It begins with a dogmatic lecturer picking apart a phenomenon that was hotly discussed among viewers and critics at the time: violence in cinema. This was the year “A Clockwork Orange” shocked audiences and the year “Harold and Maude” found an adoring cult following, so an intellectual breakdown of the phenomenon was due. But the film, as Miller fans may know, was not the space for such a discussion. Not long after the lecturer begins talking, he’s interrupted by an intruder who glibly shoots him in the head.

It’s a shocking scene, one that succinctly communicates criticisms of blood-soaked movies -- they can belittle or completely distract from thoughtful themes -- and embraces how evocative and primal they can be. It’s the kind of statement that can only be made in a short film, a story straightforward enough to tell in under 30 minutes. There isn’t much of a plot to carry a two-hour-long feature, and viewers can only handle so much gore.

“Short films make up a unique medium, one that lends itself neatly to subtler scenes and visual experimentation. They also, not-so-coincidentally, carve out a space for voices often quelled in the world of big-budget blockbusters.”

Although the film, “Violence in Cinema: Part 1,” was not well-received by everyone, its inflammatory nature paved the way for Miller's reputation as an irreverent director. Just eight years later, his first installment of the "Mad Max" franchise was released. He’s been directing feature-length movies ever since.

And Miller isn’t the only recent Academy Award nominee who got his start directing shorter narratives. Alejandro González Iñárritu worked on short films and commercials before making the jump; Richard Linklater ironed out his own experimental aesthetic in the short-form before working on the low-budget feature "Slacker," and, eventually, “Dazed and Confused.”

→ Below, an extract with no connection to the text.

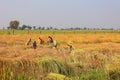 Indian farmers working in the field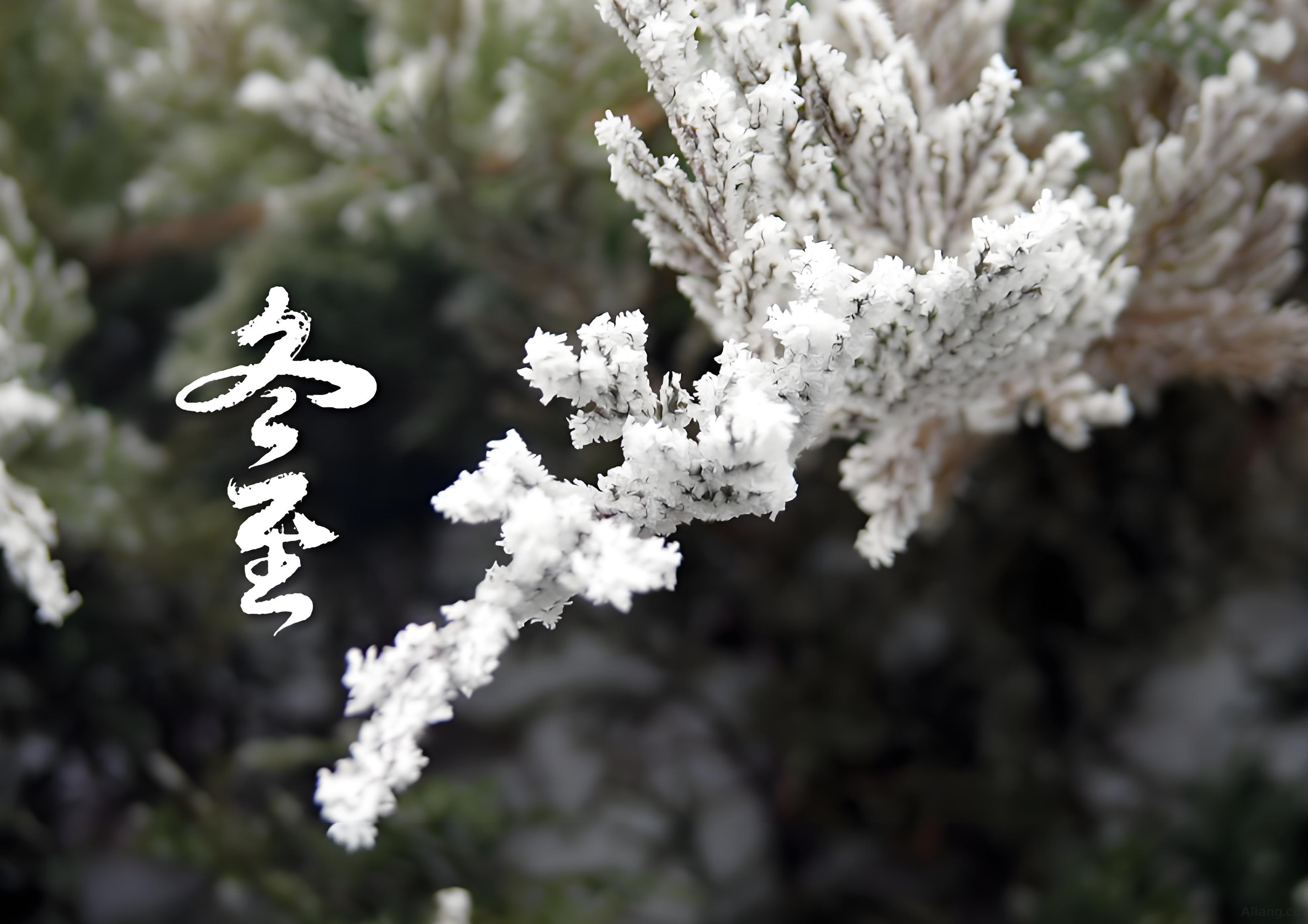 冬至，北半球迎来了一年中白昼最短、黑夜最长的时光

For these directors and many others, short film served as a launching pad for success, a way to find a directorial voice, and -- hopefully -- to secure grants and studio funding for bigger projects. But ask any movie fan, critic or director, and they’ll tell you that short film is a unique medium that lends itself neatly to subtler scenes and visual experimentation. They also, not-so-coincidentally, carve out a space for voices often quelled in the world of big-budget blockbusters. Produced in film school or financed by grants or the filmmakers themselves, they allow for aesthetic and narrative independence, not storylines bound to the potential for commercial success.

A trailer for Sara Broos' short film "Homeland"

Sara Broos, a director and producer who’s created both feature-length documentaries and shorts at her own small studio in Sweden, attests that while both short films and features can involve big budgets and daunting time investments, shorter tends to mean cheaper, which tends to mean a bigger payoff -- in terms of artistic experimentation, that is -- for deviating from the norm.

“You can follow a very traditional dramaturgy, but you can also experiment and create your own structure,” Broos told The Huffington Post. “Of course you can also do that in a feature-length film, but it is so much harder. Since you can make a short film for a very small budget, you have the freedom to experiment in another way.”

"I think it is beautiful how you can focus on one thing, zoom into something that maybe at a first glance doesn’t look like anything. Just a grain of sand," she continued. "But when you come closer and focus, you discover a whole microcosmos. That [is the] feeling I sometimes get when I watch a really beautiful short film. A slice of life, a moment which can contain a whole world.”

“A short film can be anything. Just like a poem. But that doesn’t mean it is easier. Sometimes it’s much harder to write one great poem than to write a whole novel.”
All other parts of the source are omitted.